How can I do ten fold cross validation with my corpus, containing 200 documents? Is there existing code that I can invoke? I found caret for this purpose, but again cannot figure that out either.

What in the documentation for ?seq and ?AssociatedPress and the other functions did you not understand? — probabilityislogic
I updated the code for this and saved as a gist. has plot method that prints by default. devtools::source_url("https://gist.githubusercontent.com/trinker/594bd132b180a43945f7/raw/70fbb1aa2a9113837a9a9f8a6c43d884c2ef5bd0/optimal_k%25202") +1 nice answer. — Tyler Rinker

Peter Ellis Peter Ellis · Accepted Answer · 2017-01-04T21:47:42

The accepted answer to this question is good as far as it goes, but it doesn't actually address how to estimate perplexity on a validation dataset and how to use cross-validation.

Using perplexity for simple validation

Perplexity is a measure of how well a probability model fits a new set of data. In the topicmodels R package it is simple to fit with the perplexity function, which takes as arguments a previously fit topic model and a new set of data, and returns a single number. The lower the better.

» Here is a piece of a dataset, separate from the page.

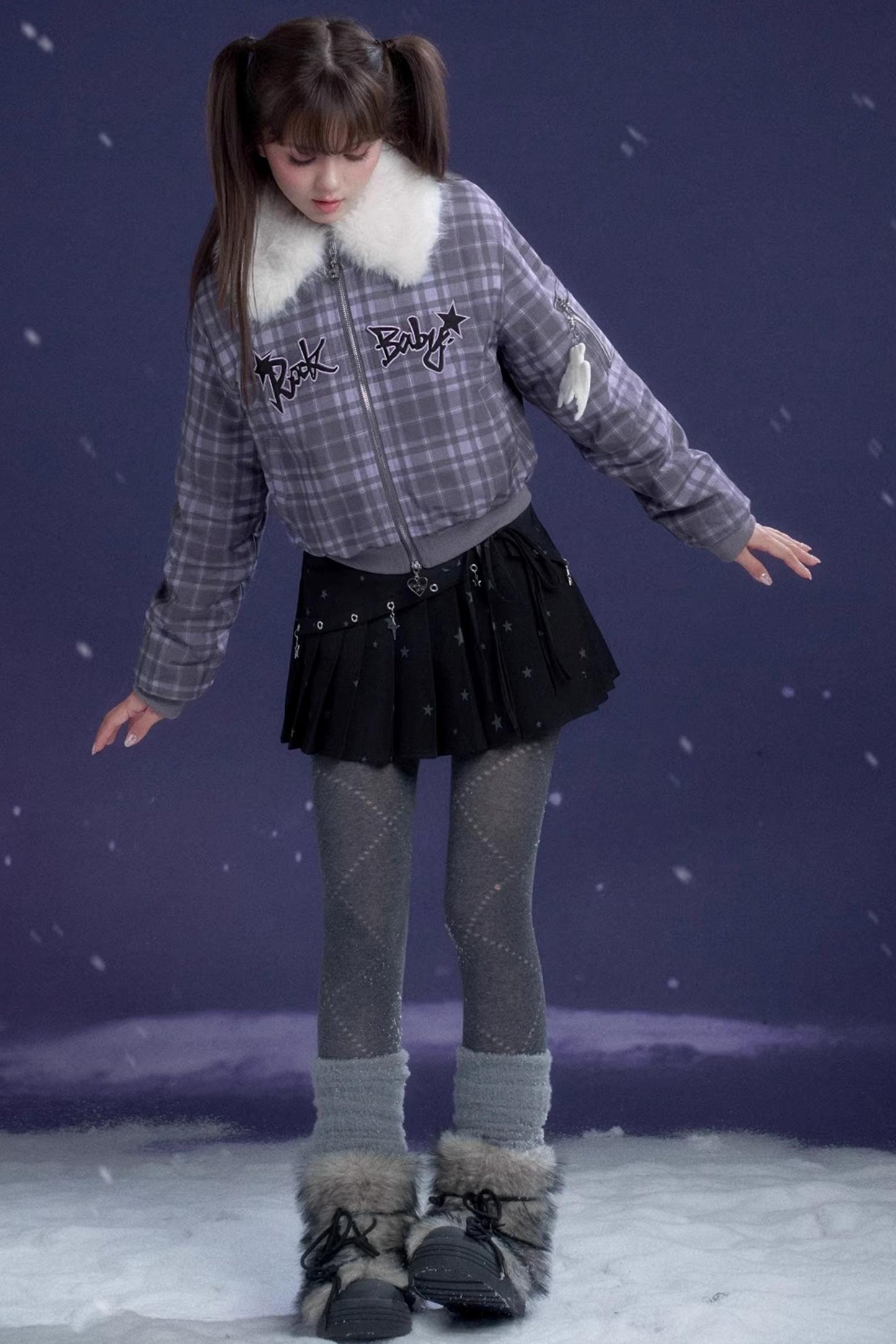 Purple Plaid Fur Collar Jacket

For example, splitting the AssociatedPress data into a training set (75% of the rows) and a validation set (25% of the rows):

# load up some R packages including a few we'll need later
library(topicmodels)
library(doParallel)
library(ggplot2)
library(scales)

data("AssociatedPress", package = "topicmodels")

burnin = 1000
iter = 1000
keep = 50

full_data  <- AssociatedPress
n <- nrow(full_data)
#-----------validation--------
k <- 5

splitter <- sample(1:n, round(n * 0.75))
train_set <- full_data[splitter, ]
valid_set <- full_data[-splitter, ]

fitted <- LDA(train_set, k = k, method = "Gibbs",
                          control = list(burnin = burnin, iter = iter, keep = keep) )
perplexity(fitted, newdata = train_set) # about 2700
perplexity(fitted, newdata = valid_set) # about 4300

The perplexity is higher for the validation set than the training set, because the topics have been optimised based on the training set.

Using perplexity and cross-validation to determine a good number of topics

The extension of this idea to cross-validation is straightforward. Divide the data into different subsets (say 5), and each subset gets one turn as the validation set and four turns as part of the training set. However, it's really computationally intensive, particularly when trying out the larger numbers of topics.

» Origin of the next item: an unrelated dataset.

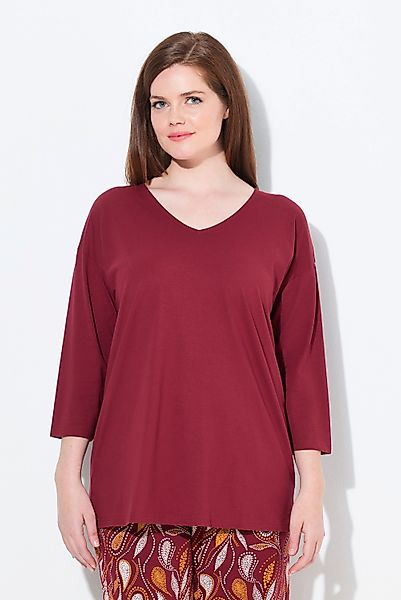 Ulla Popken Pyjama Pyjamashirt V-Ausschnitt 3/4-Arm günstig online kaufen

You might be able to use caret to do this, but I suspect it doesn't handle topic modelling yet. In any case, it's the sort of thing I prefer to do myself to be sure I understand what's going on.

The code below, even with parallel processing on 7 logical CPUs, took 3.5 hours to run on my laptop:

#----------------5-fold cross-validation, different numbers of topics----------------
# set up a cluster for parallel processing
cluster <- makeCluster(detectCores(logical = TRUE) - 1) # leave one CPU spare...
registerDoParallel(cluster)

# load up the needed R package on all the parallel sessions
clusterEvalQ(cluster, {
   library(topicmodels)
})

folds <- 5
splitfolds <- sample(1:folds, n, replace = TRUE)
candidate_k <- c(2, 3, 4, 5, 10, 20, 30, 40, 50, 75, 100, 200, 300) # candidates for how many topics

# export all the needed R objects to the parallel sessions
clusterExport(cluster, c("full_data", "burnin", "iter", "keep", "splitfolds", "folds", "candidate_k"))

# we parallelize by the different number of topics.  A processor is allocated a value
# of k, and does the cross-validation serially.  This is because it is assumed there
# are more candidate values of k than there are cross-validation folds, hence it
# will be more efficient to parallelise
system.time({
results <- foreach(j = 1:length(candidate_k), .combine = rbind) %dopar%{
   k <- candidate_k[j]
   results_1k <- matrix(0, nrow = folds, ncol = 2)
   colnames(results_1k) <- c("k", "perplexity")
   for(i in 1:folds){
      train_set <- full_data[splitfolds != i , ]
      valid_set <- full_data[splitfolds == i, ]

      fitted <- LDA(train_set, k = k, method = "Gibbs",
                    control = list(burnin = burnin, iter = iter, keep = keep) )
      results_1k[i,] <- c(k, perplexity(fitted, newdata = valid_set))
   }
   return(results_1k)
}
})
stopCluster(cluster)

results_df <- as.data.frame(results)

ggplot(results_df, aes(x = k, y = perplexity)) +
   geom_point() +
   geom_smooth(se = FALSE) +
   ggtitle("5-fold cross-validation of topic modelling with the 'Associated Press' dataset",
           "(ie five different models fit for each candidate number of topics)") +
   labs(x = "Candidate number of topics", y = "Perplexity when fitting the trained model to the hold-out set")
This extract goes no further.